Okay, back to the couch with a book for me.

Date: 2006-09-16 09:23 pm (UTC)
From: [identity profile] lutin.livejournal.com
-- I have a hard time settling in with Keith Miller's Book of Flying, but once I'm with him in his story, it's wonderful. Veggies on their own are delicious. Yes, you should write more stories.

;)

Date: 2006-09-17 01:28 am (UTC)
From: [identity profile] mkille.livejournal.com
Just veggies sitting there being veggies.

Which makes me think of Bob the Tomato in Rack, Shack & Benny: "This is me sitting, this is me standing. Sitting, standing. Got it?"

Hope the vertigo chooses to absent itself soon.

Date: 2006-09-17 02:37 am (UTC)
From: [identity profile] mrissa.livejournal.com
The question isn't how much I write, really, it's how much of it is short stories as compared to other things.
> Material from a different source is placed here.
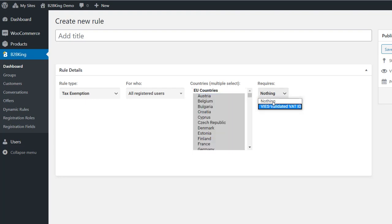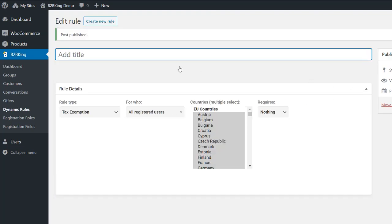We can also choose if this should depend on a valid VAT ID. For this video, we choose not. Let's save the rule and give it a name for future reference.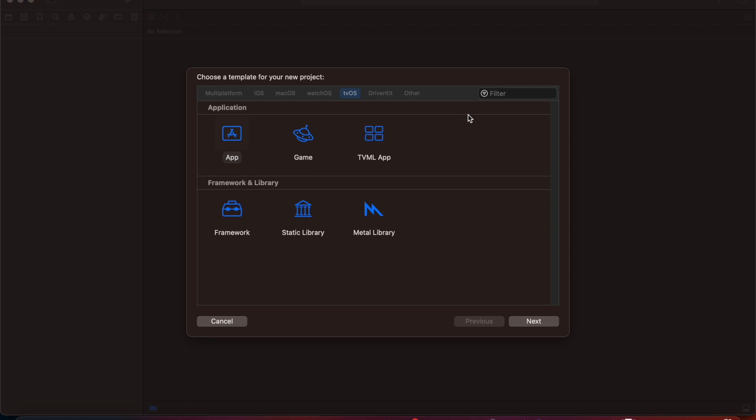We are going to start from the very basics of what inputs are and how to give input to the tvOS application. We are going to move over to focus engine, look at how to display the UI using list and grid, and after displaying it how to interact with it, how to get focused on any element, and how focus engine basically works on tvOS.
Other people seem to find it much harder to come to a consensus on the ideal distribution of such things than they do on the "Marissa should write, check one: _____ yes _____ no." ("Do you like me? Check _____ yes _____ no." Sigh.)

Date: 2006-09-17 02:38 am (UTC)
From: [identity profile] mrissa.livejournal.com
And in turn that makes me think of my friend Michael quoting Eddie Murphy. The problem is I don't know what he was quoting Eddie Murphy from -- I can just hear the tone pattern of Mike trying to approximate Eddie Murphy, not the words.

Silly brain.

Date: 2006-09-17 07:52 am (UTC)
From: [identity profile] broyd.livejournal.com
Hi. I'm Broyd, of this discussion (http://rosefox.livejournal.com/1022805.html?thread=8416085#t8416085). I've found you interesting for a while now, so I'm adding you.

Date: 2006-09-17 11:41 am (UTC)
From: [identity profile] mrissa.livejournal.com
Well, thanks and welcome!

Date: 2006-09-17 03:03 pm (UTC)
From: [identity profile] zalena.livejournal.com
I know coming out as some who thinks generally there is not enough "there there" in Cooper's books will lead to ostracization along the lines of what happened when I admitted I didn't like Ursula LeGuin. (No disrespect, just a matter of preference.)

For that matter, I find Pierce's books a little dull (and Alanna a little too perfect) but I really love the way her work reaches young people, and she has improved greatly over the years as a writer. She is also incredibly supportive of other young writers and tirelessly shows up at readings etc. all over the country. I admire her greatly.

Railway Children is only made better by having context. E. Nesbit was the Rowling of her day and had a heck of life. I loved Five Children & It but have had difficulty with the remaining books in the series, in part because of the class/race stereotyping (like the Irish maid.)

Have you read Elizabeth Enright's Melendy Quartet lately? I liked the books when I was younger, but now that I have re-read them as an adult, I love them. Her writing is so solid.

The Attolia series bothered me. I can't put my finger on why, there were just a number of things about it that didn't feel right.

I've been reading Andrea Barrett and The Year's Best Science Writing lately, in addition to a bunch of other weird stuff. Either non-fiction has gotten better, or I've finally attained the maturity and context to make it work for me.

Date: 2006-09-19 03:07 am (UTC)
From: [identity profile] mrissa.livejournal.com
The thing about Tamora Pierce heroines is that they demonstrate to me that giving a heroine flaws and having her be too perfect are not at all mutually exclusive, not nearly as mutually exclusive as we'd all like. "X is too stubborn!" Oh. How...unperfect. We definitely don't want any heroines who stick to their guns.

And yah, I reread Five Children and It and its sequels, and the race/class stuff was just weird coexisting with the socialist stuff. Kind of like that line in "Blazing Saddles" which ends that they don't want any Irish....

I reread the Melendy Quartet this year, and I loved them as a kid, and I love them now. I need to go find her other stuff, because I remember liking it but not as much as I liked Rush.

And I love Andrea Barrett, and I have to be very careful about the YB Science Writing anthos because I end up writing down too many books to go look for, and the library list already threatens to devour several inner-ring suburbs.